7 Dungeons & Dragons character builds absurdly good at one thing

The designers of fifth edition Dungeons & Dragons want to avoid changing the game as it exists in print. In a Tome Show interview, designer Mike Mearls said they would only make changes if something proves “horribly broken.” Although no character options seem to qualify, a few rate as troublesome enough to land on designer Jeremy Crawford’s undisclosed “watch list.” A few more dominate enough to overshadow lesser PCs. Here are 7 examples.

7. Dealing massive damage during surprise rounds – Paladin 2/Assassin 3/Fighter 2

At level 3, a Rogue who takes the Assassin archetype treats any hit scored against a surprised creature as a critical, which doubles the Rogue’s sneak attack dice. The 2nd-level Paladin’s Divine Smite adds even more dice to double. To land more critical hits, add two levels of Fighter for Action Surge and a second batch of attacks. If you want criticals without surprise, continue to level 3 with the Fighter’s Champion archetype for crits on 19-20.

Is it broken? No. How often does a party or even a sneaky PC gain surprise? When a party does gain surprise, this advantage typically leads to a romp even without an assassin going nova.

Without surprise, you have a Rogue who must boast a Strength and Charisma of 13, and a Paladin who either skips the protection of heavy armor or sneaks with disadvantage.

Related: Dealing Death: Handbook of the True Assassin

6. Healing at low levels – Druid 1/Cleric 1

The 1st-level druid spell Goodberry creates 10 berries that PCs can eat to heal a hit point. Whenever a Life-domain Cleric uses a 1st-level spell to heal, the target regains 3 additional hit points. This bonus applies to each of 10 healing berries produced by Goodberry. At levels 2-4, gaining 40 hit points of healing from a 1st-level spell rates as outrageous.

Is it broken? No. Although you can upend a bag of M&Ms into your mouth, eating a single Goodberry demands an action. As levels rise, the healing stays at 40, and the class pairing just yields a Druid/Cleric who can’t wear metal armor, or a Cleric/Druid who can’t be a Druid. Adventurers League players will drop the combination before they reach level 5.
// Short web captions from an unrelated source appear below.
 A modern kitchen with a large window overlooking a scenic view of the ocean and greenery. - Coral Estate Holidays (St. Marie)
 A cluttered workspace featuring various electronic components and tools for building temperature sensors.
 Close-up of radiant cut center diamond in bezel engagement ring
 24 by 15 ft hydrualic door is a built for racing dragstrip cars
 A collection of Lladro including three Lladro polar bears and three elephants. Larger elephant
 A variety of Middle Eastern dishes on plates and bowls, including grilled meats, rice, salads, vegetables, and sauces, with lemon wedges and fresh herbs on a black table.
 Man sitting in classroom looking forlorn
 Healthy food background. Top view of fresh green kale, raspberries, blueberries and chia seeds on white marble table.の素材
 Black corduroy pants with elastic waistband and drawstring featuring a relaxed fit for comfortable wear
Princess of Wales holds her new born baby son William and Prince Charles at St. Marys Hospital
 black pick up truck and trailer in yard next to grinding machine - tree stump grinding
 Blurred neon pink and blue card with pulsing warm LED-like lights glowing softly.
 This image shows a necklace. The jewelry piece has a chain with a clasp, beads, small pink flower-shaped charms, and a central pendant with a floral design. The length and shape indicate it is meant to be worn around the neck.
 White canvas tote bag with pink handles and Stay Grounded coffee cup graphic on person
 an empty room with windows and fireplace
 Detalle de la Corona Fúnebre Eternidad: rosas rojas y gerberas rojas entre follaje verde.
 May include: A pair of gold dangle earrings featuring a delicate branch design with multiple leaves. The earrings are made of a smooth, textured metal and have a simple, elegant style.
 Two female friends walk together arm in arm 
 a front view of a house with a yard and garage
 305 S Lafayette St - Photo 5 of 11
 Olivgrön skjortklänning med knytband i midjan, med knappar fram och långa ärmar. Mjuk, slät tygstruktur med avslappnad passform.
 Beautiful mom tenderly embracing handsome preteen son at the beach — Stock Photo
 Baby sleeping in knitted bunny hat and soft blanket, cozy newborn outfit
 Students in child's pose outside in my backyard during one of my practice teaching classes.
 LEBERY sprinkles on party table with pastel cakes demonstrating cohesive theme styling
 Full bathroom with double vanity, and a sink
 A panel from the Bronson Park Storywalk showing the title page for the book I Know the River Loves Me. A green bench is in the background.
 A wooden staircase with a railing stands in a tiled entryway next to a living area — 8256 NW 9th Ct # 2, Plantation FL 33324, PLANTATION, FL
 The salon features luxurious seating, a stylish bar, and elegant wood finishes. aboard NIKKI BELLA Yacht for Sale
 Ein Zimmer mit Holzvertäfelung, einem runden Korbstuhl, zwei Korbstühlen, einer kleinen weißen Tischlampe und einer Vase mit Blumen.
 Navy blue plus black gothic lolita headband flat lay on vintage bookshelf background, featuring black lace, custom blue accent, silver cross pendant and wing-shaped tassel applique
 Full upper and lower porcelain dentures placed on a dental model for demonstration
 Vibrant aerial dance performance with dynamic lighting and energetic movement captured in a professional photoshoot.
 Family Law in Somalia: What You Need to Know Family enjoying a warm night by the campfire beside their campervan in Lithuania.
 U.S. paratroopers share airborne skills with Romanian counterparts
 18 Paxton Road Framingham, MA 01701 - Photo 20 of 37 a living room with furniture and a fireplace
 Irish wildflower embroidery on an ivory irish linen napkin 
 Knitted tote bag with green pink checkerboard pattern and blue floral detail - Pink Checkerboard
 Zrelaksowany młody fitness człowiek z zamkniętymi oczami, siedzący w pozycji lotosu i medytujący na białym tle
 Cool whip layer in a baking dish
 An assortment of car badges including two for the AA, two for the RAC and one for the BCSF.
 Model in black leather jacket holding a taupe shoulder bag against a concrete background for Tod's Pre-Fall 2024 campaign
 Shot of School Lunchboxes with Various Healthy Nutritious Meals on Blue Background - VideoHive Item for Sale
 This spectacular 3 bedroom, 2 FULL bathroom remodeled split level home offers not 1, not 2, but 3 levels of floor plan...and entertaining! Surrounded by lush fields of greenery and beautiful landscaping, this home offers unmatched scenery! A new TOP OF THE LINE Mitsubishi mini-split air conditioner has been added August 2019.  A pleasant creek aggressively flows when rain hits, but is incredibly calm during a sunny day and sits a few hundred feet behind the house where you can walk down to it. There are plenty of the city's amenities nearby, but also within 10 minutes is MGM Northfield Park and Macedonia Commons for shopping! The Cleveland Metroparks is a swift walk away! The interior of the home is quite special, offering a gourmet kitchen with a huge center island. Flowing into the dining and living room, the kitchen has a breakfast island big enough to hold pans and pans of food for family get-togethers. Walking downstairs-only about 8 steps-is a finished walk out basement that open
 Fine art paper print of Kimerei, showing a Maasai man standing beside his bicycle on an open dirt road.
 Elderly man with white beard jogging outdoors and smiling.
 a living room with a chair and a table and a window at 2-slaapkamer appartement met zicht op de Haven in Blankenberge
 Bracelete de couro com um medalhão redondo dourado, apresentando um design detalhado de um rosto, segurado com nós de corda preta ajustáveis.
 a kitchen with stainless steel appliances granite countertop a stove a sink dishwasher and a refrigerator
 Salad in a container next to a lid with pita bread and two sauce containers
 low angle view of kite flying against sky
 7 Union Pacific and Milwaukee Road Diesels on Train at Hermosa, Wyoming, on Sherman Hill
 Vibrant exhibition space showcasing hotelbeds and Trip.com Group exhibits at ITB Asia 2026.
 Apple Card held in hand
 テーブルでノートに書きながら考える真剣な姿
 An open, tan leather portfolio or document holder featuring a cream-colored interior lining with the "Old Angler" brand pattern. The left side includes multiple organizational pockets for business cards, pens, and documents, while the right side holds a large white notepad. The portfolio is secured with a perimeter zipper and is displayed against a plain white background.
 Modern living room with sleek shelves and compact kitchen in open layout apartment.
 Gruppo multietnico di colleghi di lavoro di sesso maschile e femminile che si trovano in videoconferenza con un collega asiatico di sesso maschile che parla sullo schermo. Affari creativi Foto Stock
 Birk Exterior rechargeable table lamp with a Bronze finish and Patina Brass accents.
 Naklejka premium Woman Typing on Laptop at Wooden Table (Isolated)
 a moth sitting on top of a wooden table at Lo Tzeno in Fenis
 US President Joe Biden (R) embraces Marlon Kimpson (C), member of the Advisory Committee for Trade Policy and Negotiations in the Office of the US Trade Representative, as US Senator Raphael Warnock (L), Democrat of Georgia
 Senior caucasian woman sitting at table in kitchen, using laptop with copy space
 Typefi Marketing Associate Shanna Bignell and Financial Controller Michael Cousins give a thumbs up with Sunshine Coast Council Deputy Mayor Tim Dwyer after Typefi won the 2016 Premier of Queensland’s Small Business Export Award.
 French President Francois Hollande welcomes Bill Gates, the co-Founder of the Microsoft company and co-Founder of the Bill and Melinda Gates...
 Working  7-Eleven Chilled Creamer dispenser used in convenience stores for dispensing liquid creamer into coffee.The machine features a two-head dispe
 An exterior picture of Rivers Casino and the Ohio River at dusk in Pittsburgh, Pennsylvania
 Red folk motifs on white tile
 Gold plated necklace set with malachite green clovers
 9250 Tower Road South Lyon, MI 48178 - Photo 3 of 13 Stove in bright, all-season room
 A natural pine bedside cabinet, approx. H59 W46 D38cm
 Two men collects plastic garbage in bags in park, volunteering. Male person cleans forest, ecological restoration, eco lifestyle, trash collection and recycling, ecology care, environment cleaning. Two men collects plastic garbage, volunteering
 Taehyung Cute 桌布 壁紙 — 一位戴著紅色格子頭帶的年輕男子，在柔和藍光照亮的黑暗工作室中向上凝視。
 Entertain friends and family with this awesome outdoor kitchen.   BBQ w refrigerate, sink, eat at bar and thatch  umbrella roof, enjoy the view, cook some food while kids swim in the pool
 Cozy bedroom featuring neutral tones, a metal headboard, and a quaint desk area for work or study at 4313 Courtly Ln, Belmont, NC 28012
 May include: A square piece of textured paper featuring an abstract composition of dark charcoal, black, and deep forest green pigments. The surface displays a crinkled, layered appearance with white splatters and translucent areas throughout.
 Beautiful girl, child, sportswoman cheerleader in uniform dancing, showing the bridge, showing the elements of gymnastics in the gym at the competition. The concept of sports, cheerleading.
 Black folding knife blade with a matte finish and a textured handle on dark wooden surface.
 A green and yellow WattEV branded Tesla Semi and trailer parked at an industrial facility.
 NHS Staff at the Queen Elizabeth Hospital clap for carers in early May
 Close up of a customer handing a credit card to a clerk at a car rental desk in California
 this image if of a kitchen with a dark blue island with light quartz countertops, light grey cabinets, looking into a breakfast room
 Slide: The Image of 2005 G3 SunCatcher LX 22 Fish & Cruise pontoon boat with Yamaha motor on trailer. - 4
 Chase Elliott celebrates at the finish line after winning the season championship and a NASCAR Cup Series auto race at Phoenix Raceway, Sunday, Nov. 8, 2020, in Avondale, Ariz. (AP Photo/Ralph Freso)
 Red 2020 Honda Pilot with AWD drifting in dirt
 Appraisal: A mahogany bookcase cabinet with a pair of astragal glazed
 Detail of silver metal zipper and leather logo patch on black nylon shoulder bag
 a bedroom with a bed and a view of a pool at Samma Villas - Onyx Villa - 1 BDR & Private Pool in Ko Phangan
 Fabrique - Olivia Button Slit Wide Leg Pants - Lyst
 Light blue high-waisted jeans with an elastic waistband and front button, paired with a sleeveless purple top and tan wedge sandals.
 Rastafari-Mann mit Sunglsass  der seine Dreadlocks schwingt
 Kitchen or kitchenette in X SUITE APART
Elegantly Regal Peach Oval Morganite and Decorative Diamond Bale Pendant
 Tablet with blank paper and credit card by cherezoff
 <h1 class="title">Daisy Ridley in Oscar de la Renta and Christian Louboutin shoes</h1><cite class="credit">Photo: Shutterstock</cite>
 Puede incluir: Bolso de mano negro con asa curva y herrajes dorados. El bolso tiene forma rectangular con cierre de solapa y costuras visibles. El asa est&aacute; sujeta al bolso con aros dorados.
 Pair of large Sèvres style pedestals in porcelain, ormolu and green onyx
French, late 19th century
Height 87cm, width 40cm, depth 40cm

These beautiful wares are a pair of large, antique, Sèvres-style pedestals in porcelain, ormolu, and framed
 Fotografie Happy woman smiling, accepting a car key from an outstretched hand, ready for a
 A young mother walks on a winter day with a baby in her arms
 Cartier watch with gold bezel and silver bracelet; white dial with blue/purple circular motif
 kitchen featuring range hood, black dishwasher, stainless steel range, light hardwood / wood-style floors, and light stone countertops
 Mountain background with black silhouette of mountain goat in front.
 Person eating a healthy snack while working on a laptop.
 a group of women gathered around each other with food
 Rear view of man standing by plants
5. Locking down monsters – Monk 5 and Hex

Update: Hex only imposes disadvantage on ability checks, and not on saving throws, so this combination doesn’t work. Jay Elmore tells me that some players combine Hex and grapple to impose disadvantage on their target’s Strength checks.

At level 5, every class gains a game-changing ability. Monks get Stunning Strike. After striking, they can force their foe to make a Constitution save to avoid being stunned until the monk’s next turn. A stunned creature can do nothing except endure attacks made with advantage. Few foes will survive more than a turn or two of the onslaught.

The Warlock’s 1st-level Hex spell lets the monk impose disadvantage on one type of save, say Constitution. Hex lasts at least an hour and can move from victim to victim. The extra 1d6 damage added to each blow just adds a lagniappe of pain. (Also a good name for a Zydeco-Metal band.)

A Monk can gain the ability to cast Hex in two ways: Take the Magic Initiate feat or a level of Warlock. With the feat, Monks can only Hex once a day—still enough for a hour-long adventuring day and at least one boss smackdown. The level of Warlock costs both the level and a 13 Charisma, but gains multiple castings.

Is it broken? No, but the combination tends to dominate every boss fight. If I were a better person behind the DM screen, I would enjoy watching monks seize the spotlight as they turn my biggest threats into piñatas. Forgive me though, because sometimes I fake my admiration.

I have a memo to anyone designing D&D adventures, including many pros who should know better. No single foe without legendary actions can pose a fight to a group of PCs.

4. Dealing melee damage – Great Weapon Master

Arbo-ValkyrienThe Great Weapon Master feat lets characters trade accuracy for damage. “Before you make a melee attack with a heavy weapon you are proficient with, you can choose to take a -5 penalty to the attack roll. If the attack hits, you add +10 to the attack’s damage.” With fifth edition’s bounded armor classes, this trade usually makes great deal. Your fighter gets no benefit from rolling 20-something to hit a typical 14 AC, but that extra 10 damage stings.

A fighter who gains many extra attacks at higher levels and from action surges can multiply the extra damage by several attacks.

Is it broken? The combination falls short of breaking the game, but it overshadows other melee-fighting strategies.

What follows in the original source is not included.